§ Source data:

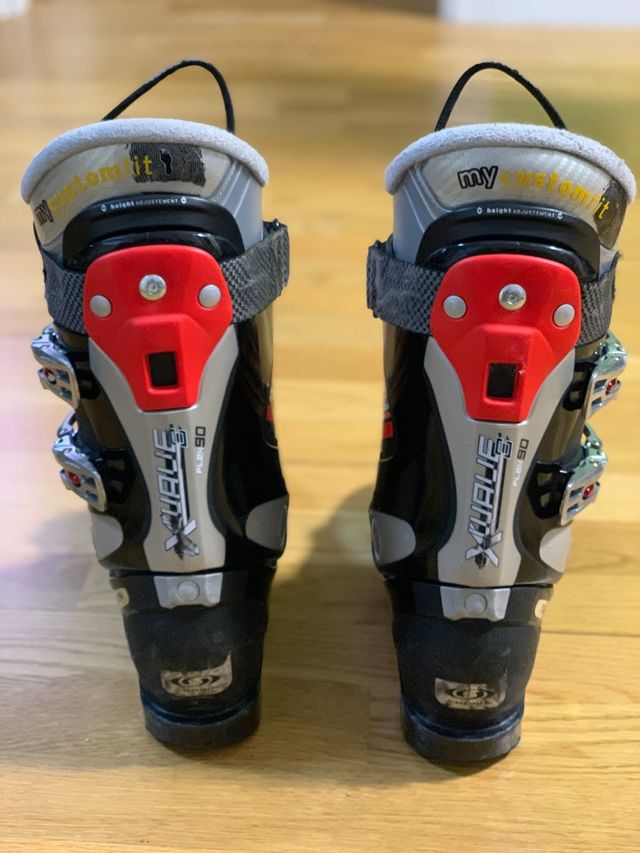 Botas de esquí Salomon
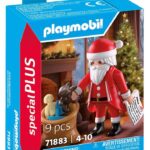 Playmobil Special Plus Babbo Natale con Sacco Regali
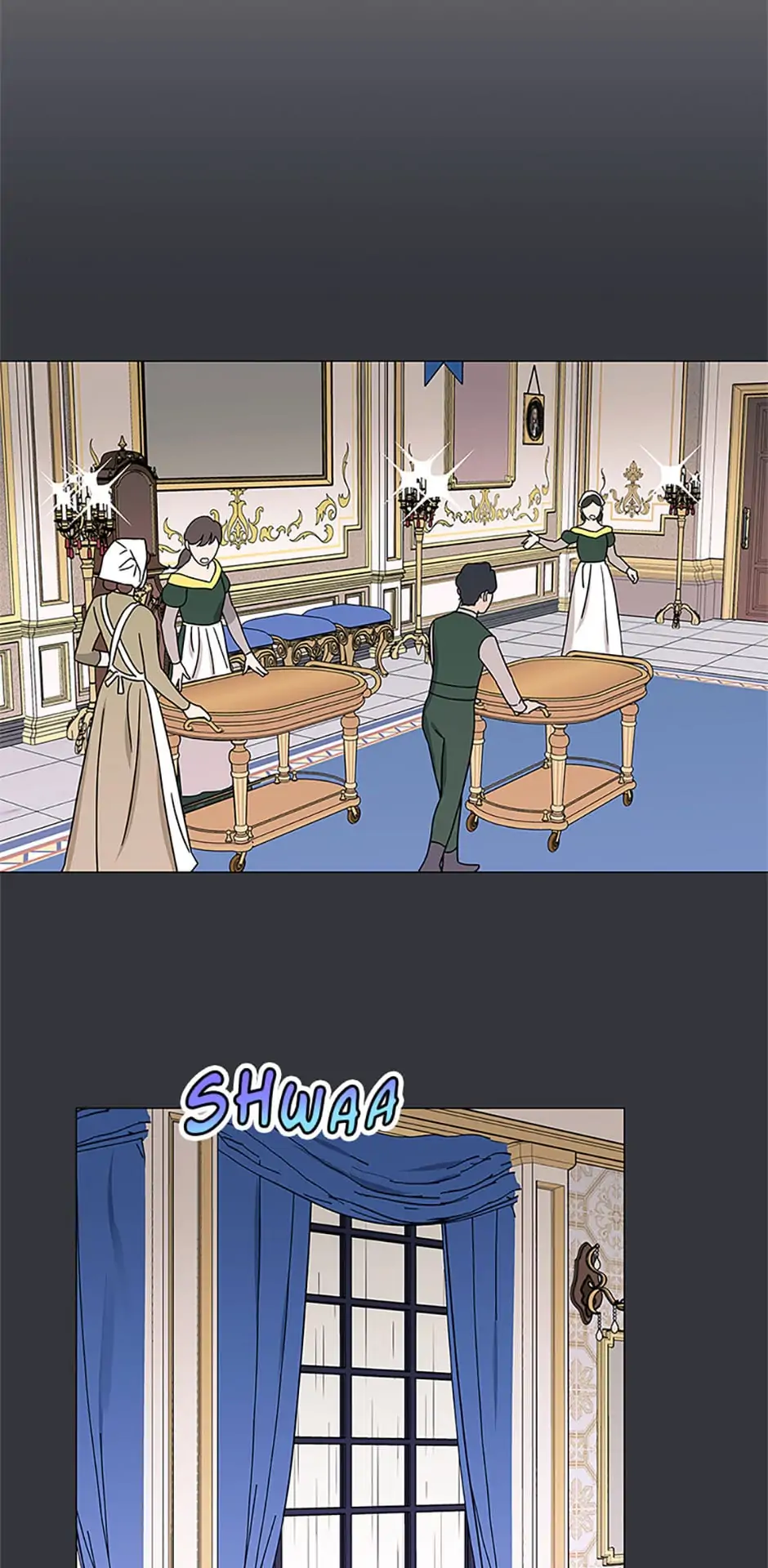 Let Me Fall Be Brilliant chapter 52 page 46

§ Work request:
Copy out the lines above unchanged. Skip the images.

§ Exercise result:
 Botas de esquí Salomon
 Playmobil Special Plus Babbo Natale con Sacco Regali
 Let Me Fall Be Brilliant chapter 52 page 46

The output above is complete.